Sales for the quarter totalled €10.4 billion (US$15.2 billion as of March 31, the last day of the period reported), up 9 percent compared to a year earlier, helped by favorable exchange rates. However, year-on-year, net profit dropped from €349 million to €344 million.
The two big events during Nokia’s first quarter was the announcement that it will move to Microsoft’s Windows Phone as its main smartphone operating system and the earthquake in Japan.
Nokia and Microsoft have now signed a definitive agreement.
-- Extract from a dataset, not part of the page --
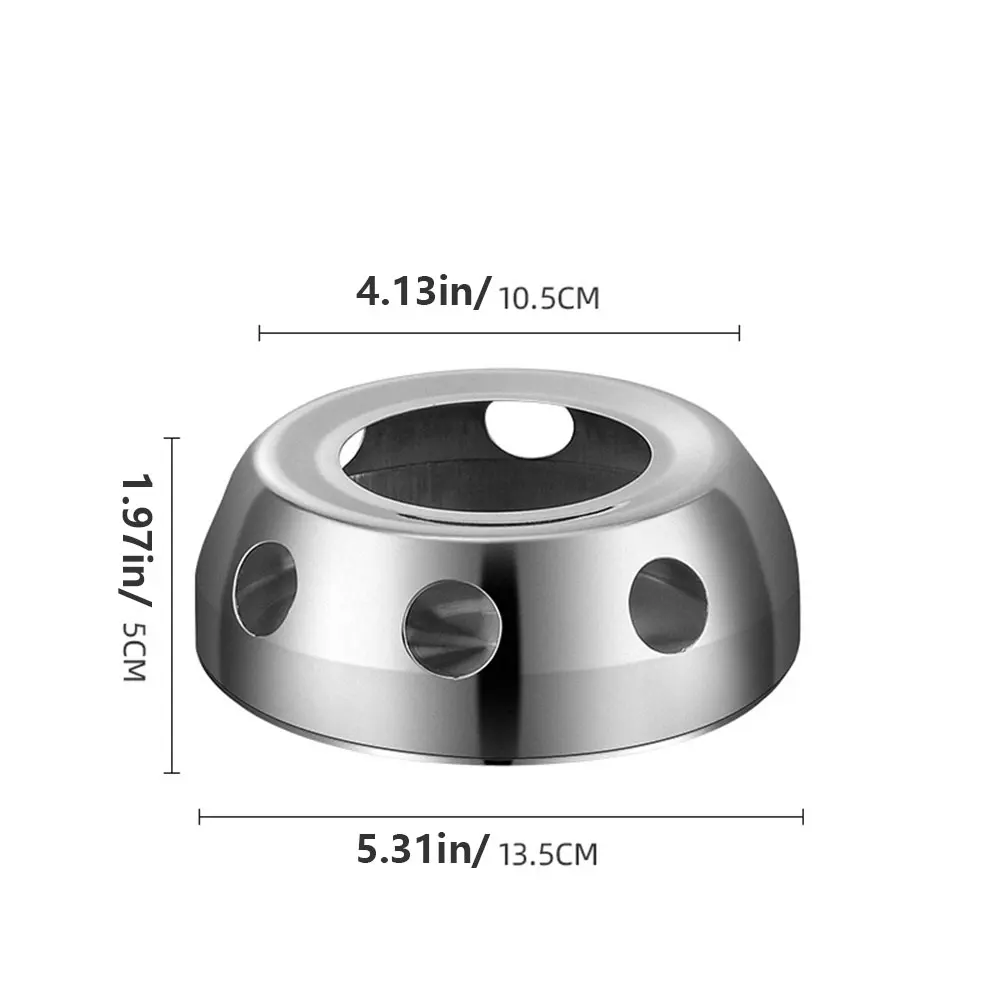 1pc Stainless steel heating tea warmer, glass pot, candle insulation base, tea warmer, tea seat, milk warmer Heating base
Microsoft will receive a royalty payments from Nokia for the Windows Phone platform, starting when the first Nokia products ship. Nokia will contribute mapping, navigation, and some location-based services to the Windows Phone ecosystem, and will receive payments “in the billions of dollars,” Nokia said in a statement on Thursday.
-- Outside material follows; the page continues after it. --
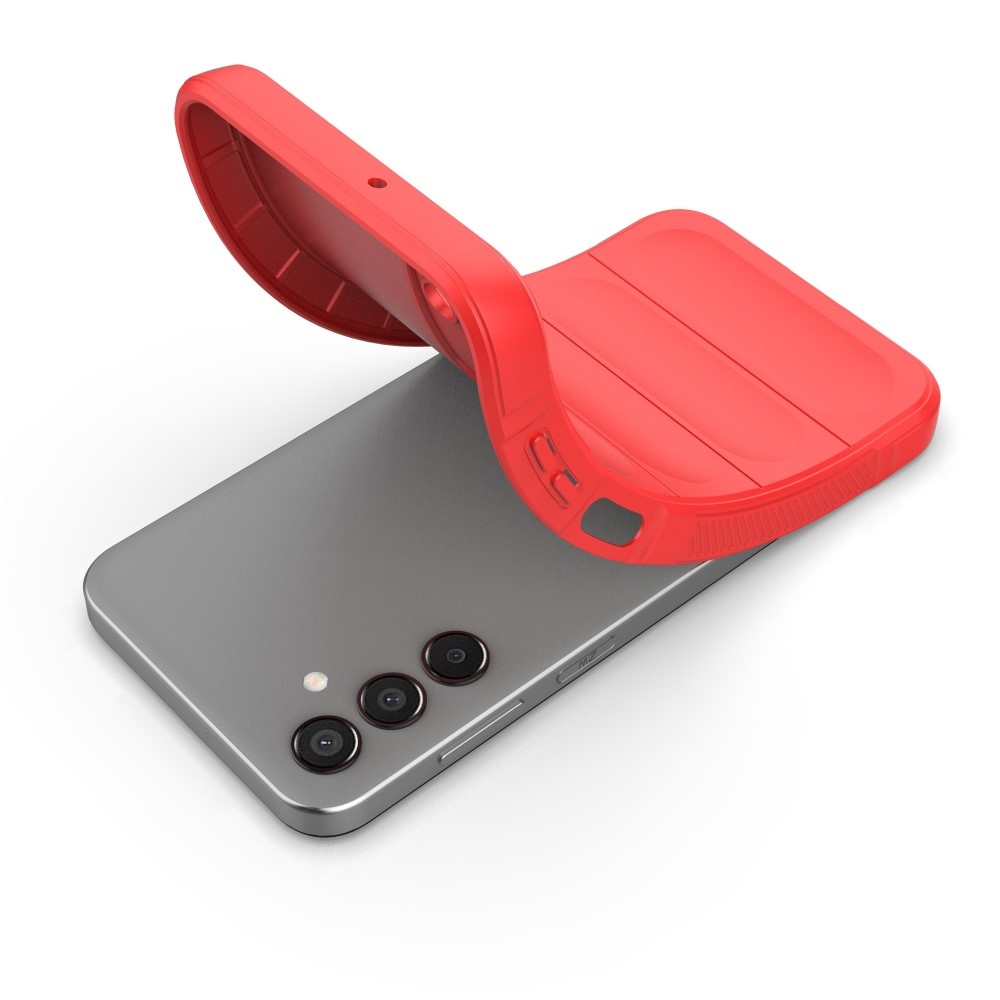 Rugg tartós zselés tok Samsung Galaxy M15 5G - piros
Nokia’s goal is to start shipping larger volumes of Windows Phone-based smartphones in 2012. Nokia also plans to launch its own application store, where developers will be able to sell apps for Windows Phone, Symbian and Series 40 devices, it said.
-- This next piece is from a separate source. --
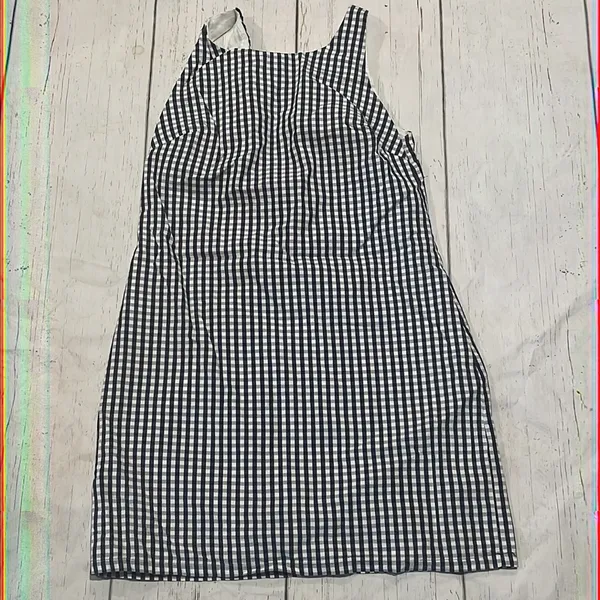 Zara black and white checkered short dress - Image 2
Before the arrival of the first Windows Phone-based smartphones Nokia will have to rely on its existing platforms, including struggling Symbian — for which the company continues to develop and release products currently.
The company sold 108.5 million phones during the first quarter, including 24.2 million smartphones; up 1 percent and 13 percent year-on-year, respectively.
That resulted in Nokia’s overall market share dropping to 29 percent in the first quarter, down from an estimated 33 percent in the first quarter of 2010. The company’s smartphone market share dropped from 41 percent to 26 percent, according to preliminary estimates from Nokia.
The impact of the Japanese earthquake on sales was small during the first three months of 2011, according to a spokesman. But it will have a negative impact on Nokia’s sales not only during the second quarter but also through the third quarter, at least, it said.
Earlier this week, Sony Ericsson also highlighted problems it is facing as a result of the quake in the coming quarters.
Nokia’s average sales price mobile per phone was €65 in the first quarter, up from €62 year-on-year, helped by the growth in smartphone sales. But at the same time, the average sales price per smartphone dropped by 6 percent to €147 during the same time period, thanks to general price erosion and an increase in the number of cheap converged mobile devices.